Optionally, the user can disable the "Break at NN.." option, and thereby get order-and-orientation predictions when NN..N is used to mask regions of the second sequence. XX
Notes on configuring Acrobat Reader: Follow the menu File > Preferences > Weblink and set the Link Information selector to "Always Show". (You will need to run Acrobat Reader in stand-alone mode to do this, since the browser plug-in does not have its own File menu.)

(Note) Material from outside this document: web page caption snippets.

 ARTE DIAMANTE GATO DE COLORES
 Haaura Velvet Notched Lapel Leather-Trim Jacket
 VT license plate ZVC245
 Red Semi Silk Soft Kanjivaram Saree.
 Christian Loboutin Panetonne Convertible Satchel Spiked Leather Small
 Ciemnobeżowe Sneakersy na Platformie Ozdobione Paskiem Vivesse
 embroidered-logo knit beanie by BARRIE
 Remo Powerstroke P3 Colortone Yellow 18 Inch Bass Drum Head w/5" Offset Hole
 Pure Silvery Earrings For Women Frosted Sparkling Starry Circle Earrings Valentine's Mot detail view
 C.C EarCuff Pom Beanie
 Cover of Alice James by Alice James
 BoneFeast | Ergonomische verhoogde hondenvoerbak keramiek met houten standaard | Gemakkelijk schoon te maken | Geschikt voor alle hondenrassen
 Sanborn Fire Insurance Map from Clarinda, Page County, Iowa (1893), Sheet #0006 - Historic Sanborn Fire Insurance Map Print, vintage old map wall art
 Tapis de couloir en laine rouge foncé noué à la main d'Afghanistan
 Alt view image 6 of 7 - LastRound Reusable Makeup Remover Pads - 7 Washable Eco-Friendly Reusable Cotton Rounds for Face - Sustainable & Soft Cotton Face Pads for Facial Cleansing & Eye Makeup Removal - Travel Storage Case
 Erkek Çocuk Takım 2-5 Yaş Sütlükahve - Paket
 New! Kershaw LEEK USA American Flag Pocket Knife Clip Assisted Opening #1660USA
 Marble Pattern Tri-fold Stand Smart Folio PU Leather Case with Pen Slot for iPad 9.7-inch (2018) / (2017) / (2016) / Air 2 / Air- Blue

With this option, when the Pip is viewed using Adobe Acrobat Reader, a message that corresponds to the mouse position appears, either in the status area at the bottom of the Acrobat window or as a tooltip. When the mouse is positioned in a region of the pip corresponding to a local alignment, the message describes the region covered by the alignment, whereas between two alignments it describes the gap. The first word on the FastA header line for the second sequence, or a contig thereof, is reported. This indicates which contig aligns with this region of the first sequence.
For example, the following messages might be associated with various regions of a certain sequence (submitted as the first sequence to PipMaker).
region message 1-1400 1400 bp unmatched 1401-1586 1401-1586 matches 3146-3324 of Contig35 1587-2191 605 bp gap; 889 bp in Contig35 2192-3367 2192-3367 matches 4214-5531 of Contig35 3368-3888 521 bp gap; between Contig35 and Contig41- 3889-3934 3889-3934 matches 6-51 of Contig41- 3935-4089 155 bp gap; 1013 bp in Contig41- 4090-4375 4090-4375 matches 1065-1340 of Contig41-The notation "Contig41-" refers to the reverse complement of the sequence with FastA header ">Contig41 ...". In this example, the first sequence has two local alignments with Contig35, followed by two local alignments to the reverse complement of Contig41. Note that the latter pair of alignments are separated by 155 bp (positions 3935-4089) in the first sequence and 1013 bp in Contig41-, perhaps due to an insertion at this point in the second sequence.
These messages in the pip are not intended to be clickable -- we are slightly abusing the URL mechanism by storing the messages as URLs, because it is the most convenient way to display a short string.
PipMaker attempts to eliminate spurious alignments caused by interspersed repeat elements and low-complexity regions, yet indicate meaningful alignments that may involve such elements. For instance, an interpersed repeat or tri-nucleotide repeat sequence may be part of a protein-coding region. The strategy is not perfect, however, and the user may want to take contol of the way these elements are handled during construction of the alignment.
The alignment program used by PipMaker interprets lower case letters as indicating regions of the sequence that are to be masked at early stages of the alignment process, but not at later stages. The alignment program follows the general design of the "gapped Blast" family of programs, which start by finding short, exact matches, then extend those matches to alignments that include gaps. PipMaker ignores regions of the first sequence that contain lower case letters when searching for exact matches, but utilizes those regions when expanding exact matches to form longer alignments. (Regions containing only "N" or "X" characters are not aligned in either phase.) Users of the Advanced PipMaker page can control masking by submitting sequences that follow this convention.